→ **WHAT THIS TASK INVOLVES**: Quote the material below exactly as written, from the first line to the line that holds "Best Furniture Outlet", endpoints included.

### RECORDED INFORMATION ###

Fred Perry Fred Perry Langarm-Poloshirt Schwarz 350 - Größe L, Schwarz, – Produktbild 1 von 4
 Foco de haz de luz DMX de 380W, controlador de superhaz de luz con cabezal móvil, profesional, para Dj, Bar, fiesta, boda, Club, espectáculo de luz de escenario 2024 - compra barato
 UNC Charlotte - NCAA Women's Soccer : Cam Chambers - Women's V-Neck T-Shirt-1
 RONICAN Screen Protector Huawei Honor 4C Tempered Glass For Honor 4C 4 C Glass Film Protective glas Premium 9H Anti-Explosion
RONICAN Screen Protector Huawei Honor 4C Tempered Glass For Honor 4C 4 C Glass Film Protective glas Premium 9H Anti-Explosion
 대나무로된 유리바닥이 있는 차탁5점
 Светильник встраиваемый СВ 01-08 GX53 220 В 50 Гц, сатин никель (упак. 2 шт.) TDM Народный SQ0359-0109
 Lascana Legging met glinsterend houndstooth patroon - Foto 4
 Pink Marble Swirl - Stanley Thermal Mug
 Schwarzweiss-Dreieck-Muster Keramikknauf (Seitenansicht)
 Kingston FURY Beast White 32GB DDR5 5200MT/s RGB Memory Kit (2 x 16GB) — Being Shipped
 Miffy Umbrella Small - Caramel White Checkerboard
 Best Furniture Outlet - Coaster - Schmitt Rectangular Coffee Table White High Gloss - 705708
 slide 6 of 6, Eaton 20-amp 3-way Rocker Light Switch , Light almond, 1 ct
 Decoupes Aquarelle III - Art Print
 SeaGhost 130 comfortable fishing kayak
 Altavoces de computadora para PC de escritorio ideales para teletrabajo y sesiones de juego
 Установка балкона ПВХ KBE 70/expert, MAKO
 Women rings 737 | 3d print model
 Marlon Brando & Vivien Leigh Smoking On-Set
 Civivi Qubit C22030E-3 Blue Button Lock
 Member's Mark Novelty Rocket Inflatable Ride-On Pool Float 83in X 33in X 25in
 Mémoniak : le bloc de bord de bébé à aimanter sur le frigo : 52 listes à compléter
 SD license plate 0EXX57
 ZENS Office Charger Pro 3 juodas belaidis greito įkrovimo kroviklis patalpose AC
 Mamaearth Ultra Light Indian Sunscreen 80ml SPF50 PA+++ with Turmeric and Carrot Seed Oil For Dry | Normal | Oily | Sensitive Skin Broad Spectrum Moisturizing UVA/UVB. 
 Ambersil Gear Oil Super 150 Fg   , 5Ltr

###

→ **RESULT BELOW**:
Fred Perry Fred Perry Langarm-Poloshirt Schwarz 350 - Größe L, Schwarz, – Produktbild 1 von 4
 Foco de haz de luz DMX de 380W, controlador de superhaz de luz con cabezal móvil, profesional, para Dj, Bar, fiesta, boda, Club, espectáculo de luz de escenario 2024 - compra barato
 UNC Charlotte - NCAA Women's Soccer : Cam Chambers - Women's V-Neck T-Shirt-1
 RONICAN Screen Protector Huawei Honor 4C Tempered Glass For Honor 4C 4 C Glass Film Protective glas Premium 9H Anti-Explosion
RONICAN Screen Protector Huawei Honor 4C Tempered Glass For Honor 4C 4 C Glass Film Protective glas Premium 9H Anti-Explosion
 대나무로된 유리바닥이 있는 차탁5점
 Светильник встраиваемый СВ 01-08 GX53 220 В 50 Гц, сатин никель (упак. 2 шт.) TDM Народный SQ0359-0109
 Lascana Legging met glinsterend houndstooth patroon - Foto 4
 Pink Marble Swirl - Stanley Thermal Mug
 Schwarzweiss-Dreieck-Muster Keramikknauf (Seitenansicht)
 Kingston FURY Beast White 32GB DDR5 5200MT/s RGB Memory Kit (2 x 16GB) — Being Shipped
 Miffy Umbrella Small - Caramel White Checkerboard
 Best Furniture Outlet - Coaster - Schmitt Rectangular Coffee Table White High Gloss - 705708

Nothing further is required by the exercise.